Okay, I’ll post my own solution, maybe someone will benefit from it. I’ll only post the part related to the question, omitting the HTTP and caching stuff. Here’s how I do it:

private ConnectableObservable<Long> createNetworkBoundHeartbeatObservable(final Observable<Boolean> networkStatusObservable,
                                                                          final Observable<Boolean> pauseResumeObservable) {

    final Observable<Boolean> pausableHeartbeatObservable = Observable.combineLatest(networkStatusObservable, pauseResumeObservable,
            new Func2<Boolean, Boolean, Boolean>() {
                @Override
                public Boolean call(Boolean networkAvailable, Boolean mustPause) {
                    return mustPause && networkAvailable;
                }
            }
    ).distinctUntilChanged();

    final Observable<Boolean> hasToResumeObservable = pausableHeartbeatObservable.filter(new Func1<Boolean, Boolean>() {
        @Override
        public Boolean call(Boolean networkAvailable) {
            return networkAvailable;
        }
    });
    final Observable<Boolean> hasToStopObservable = pausableHeartbeatObservable.filter(new Func1<Boolean, Boolean>() {
        @Override
        public Boolean call(Boolean networkAvailable) {
            return !networkAvailable;
        }
    });


    return pausableHeartbeatObservable.concatMap(new Func1<Boolean, Observable<Long>>() {
        @Override
        public Observable<Long> call(Boolean shouldResumeRequests) {
            if (shouldResumeRequests) {
                long timeToUpdate;
                final Date oldestModifiedExpiresAt = cache.oldestModifiedExpiresAt();
                timeToUpdate = Math.max(0, oldestModifiedExpiresAt.getTime() - System.currentTimeMillis());
                Log.d(TAG, String.format("Have to restart updates, %d seconds till next update", timeToUpdate / SECOND_IN_MILLIS));
                return Observable
                        .timer(timeToUpdate, SECONDS_TO_EXPIRE * SECOND_IN_MILLIS, TimeUnit.MILLISECONDS)
                        .takeUntil(hasToStopObservable);
            } else {
                Log.d(TAG, "Have to pause updates");
                return Observable.<Long>never().takeUntil(hasToResumeObservable);
            }
        }
    }).multicast(PublishSubject.<Long>create());
}

As you can see, the conditions to pause or resume updates become a bit more complicated, with a new Observable added to support pausing when app goes to background.

Then at the core of the solution is the concatMap operation which emits the Observables sequentially (hence concatMap, not flatMap, see this question: What is the difference between concatMap and flatMap in RxJava).

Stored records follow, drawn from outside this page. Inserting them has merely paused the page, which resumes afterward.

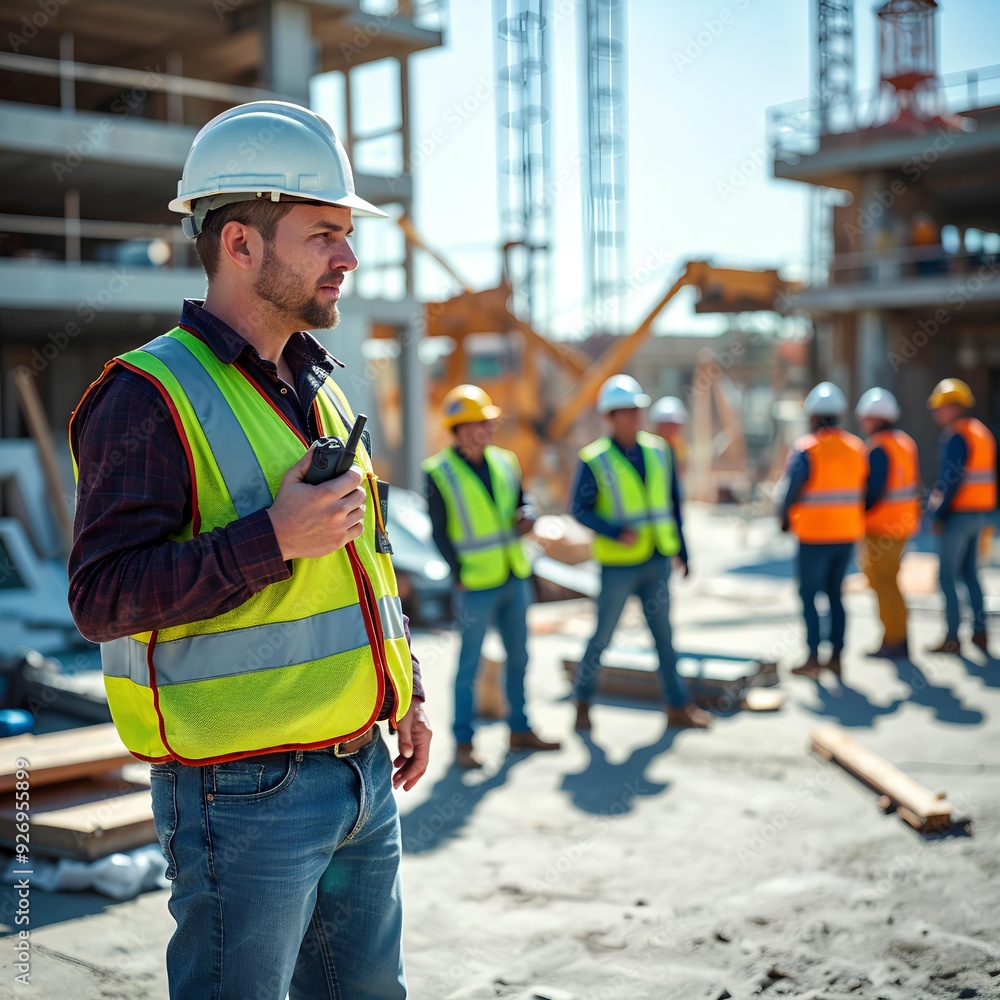 An engineer at a construction site communicates with the team via walkie-talkie, giving instructions under bright sunlight. An engineer at a construction site communicates with the team via walkie-talkie, giving instructions under bright sunlight.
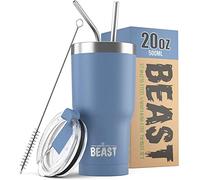 Beast Tumbler - 550 ml (20 oz), Blue | Reusable Stainless Steel, Vacuum Insulated Cup | with + 2 Straws & Cleaning Brush | Double Wall Travel Flask Perfect for Hot or Iced Coffee | BPA Free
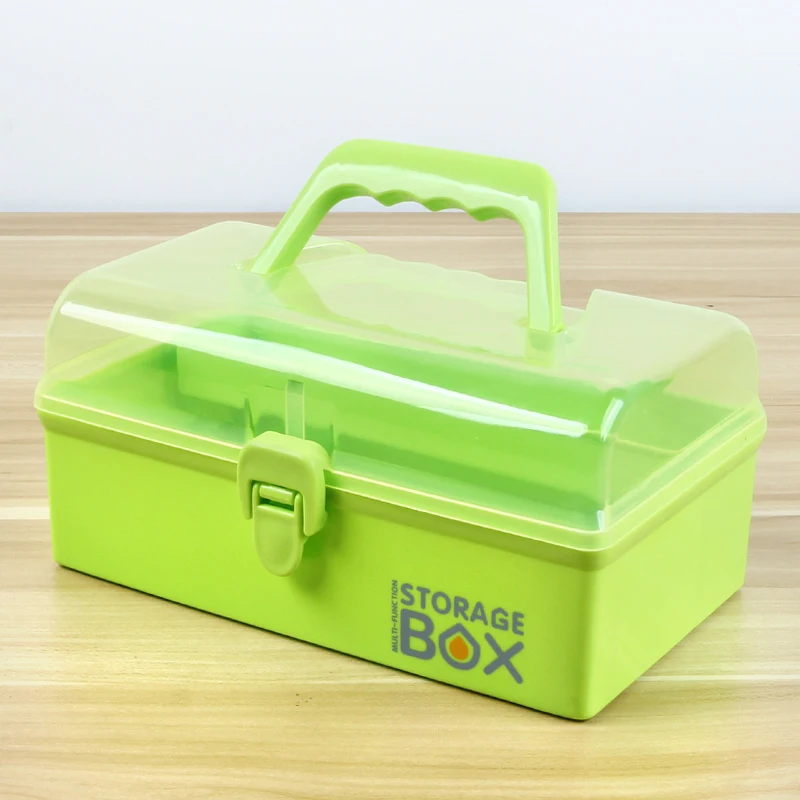 

Children Toys Box Kids Stationery Snacks Blocks Accessories Storage Box Portable Double Layer Household Medicine Box BPA Free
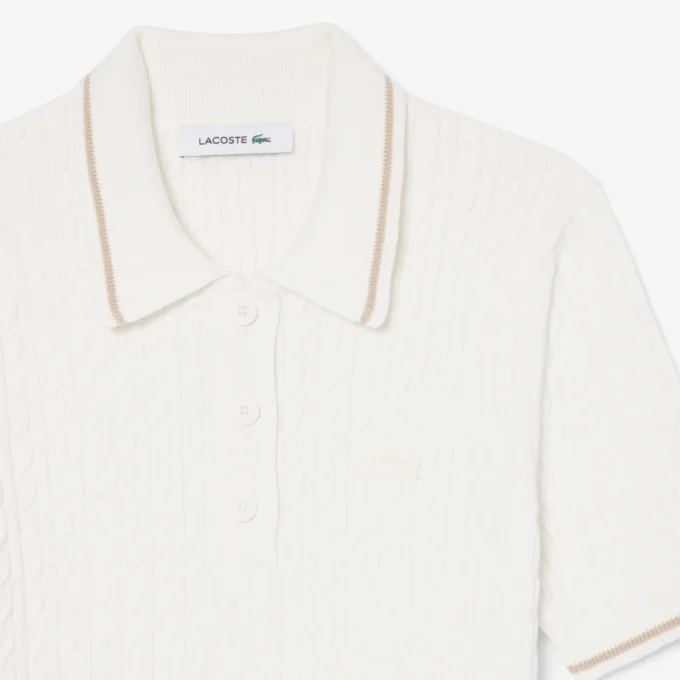 Gestreifter Pullover mit Zopfmuster und Poloshirt-Kragen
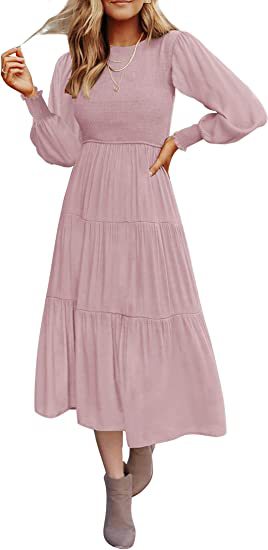 Solid Color Long Sleeve Midi Swing Smocked Dress Wholesale Dresses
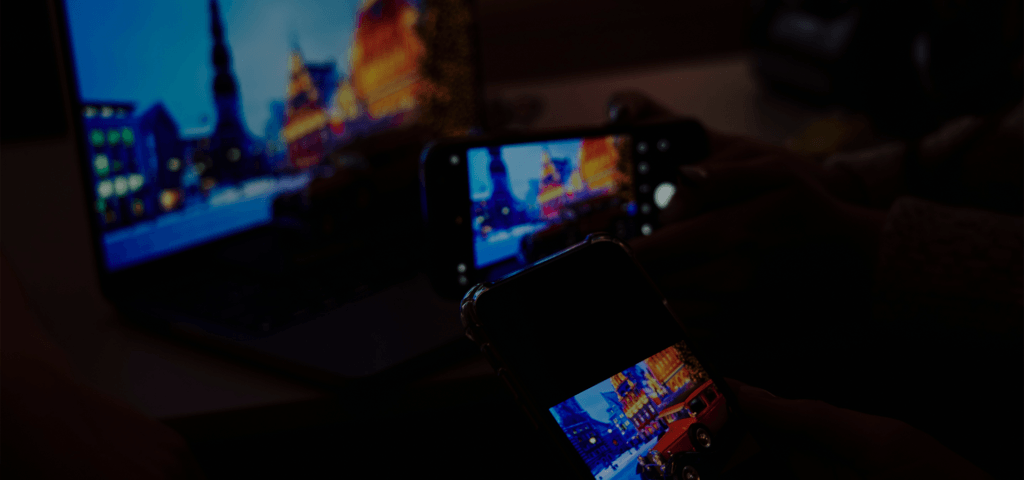 a TV, tablet, and phone showing the same screen
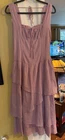 Free People In My Dreams Midi Smocked Asymmetrical Tie Tiered Dress Small S NEW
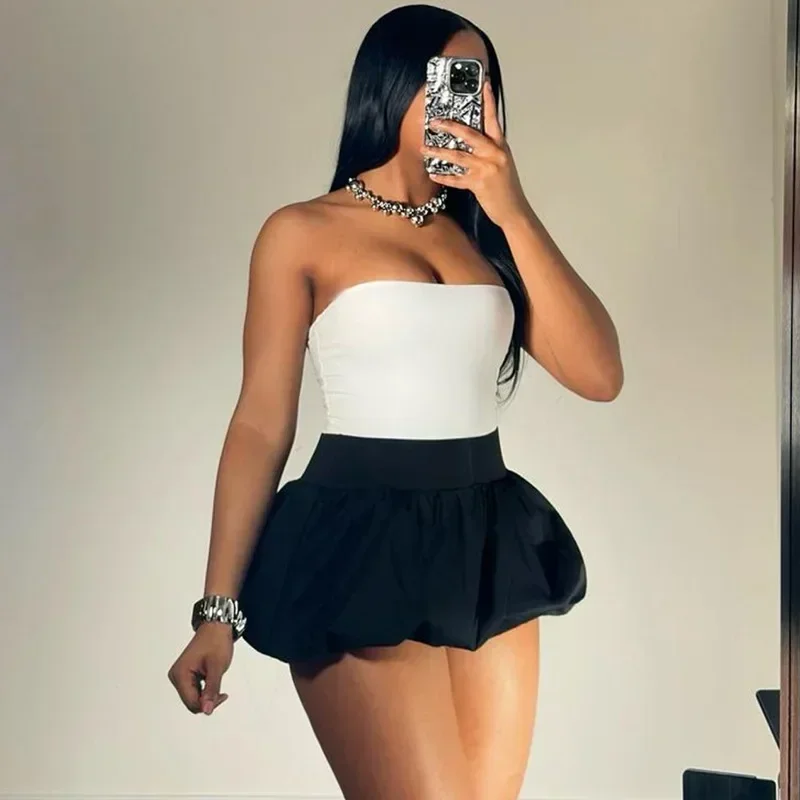 Women's Mini Bubble Skirt - Solid Pleated High Waist Stretchy Skirt Casual Streetwear/Party/Clubwear All-Match A-Line Petticoat 1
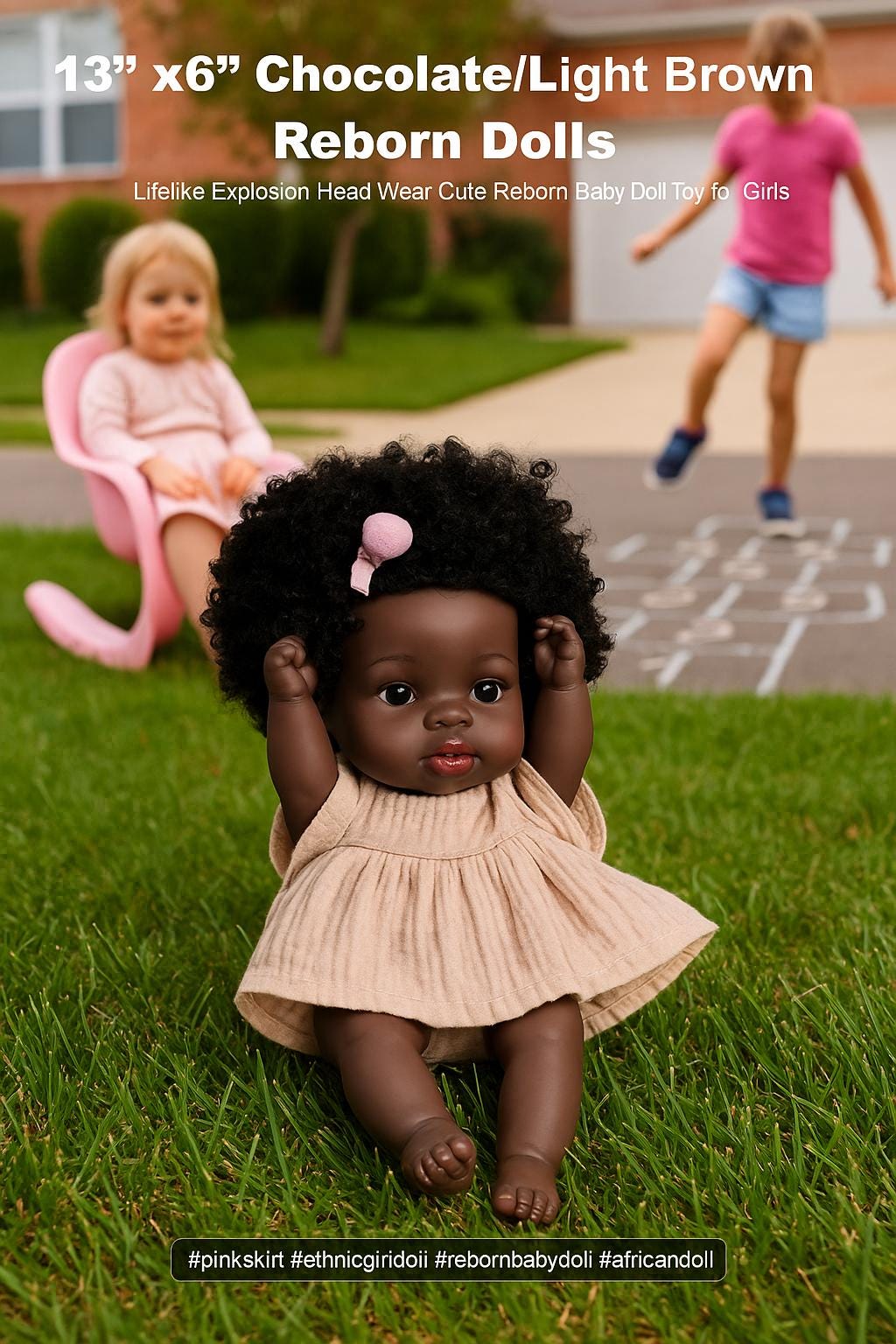13" African American Reborn Baby Doll – Curly Hair, Chocolate Skin and Free Backpack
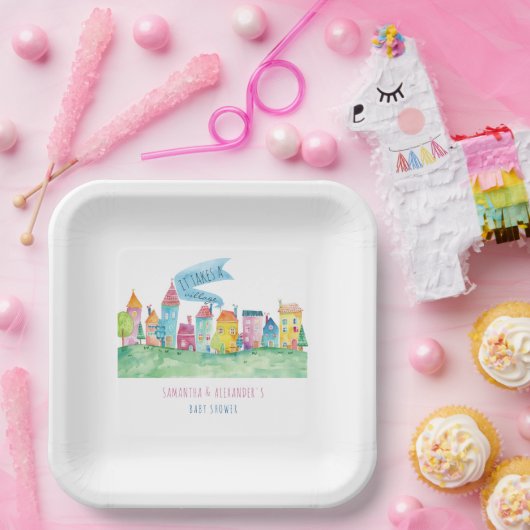 村の養子縁組にIVFの赤ちゃんシャワーが必要 ペーパープレート (パーティー)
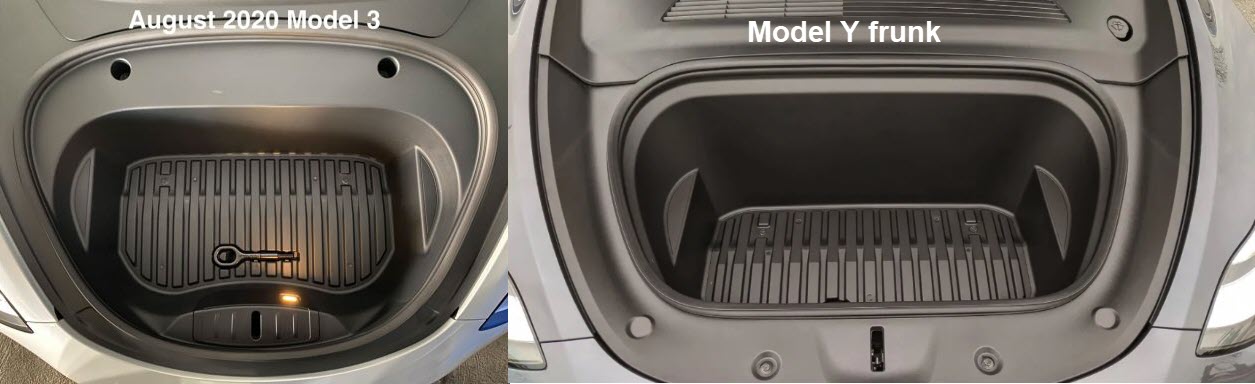 Model 3 vs Model Y frunk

It emits either interval or never Observables, depending on whether updates should be continued or paused. Then every emitted Observable is takenUntil ‘an opposite’ Observable emits new value.

ConnectableObservable is returned because the created Observable is hot, and all the intended subscribers have to subscribe to it before it starts emitting something, otherwise initial events could be lost. I call connect on it later.

I’ll accept either my or another answer based on votes, if any.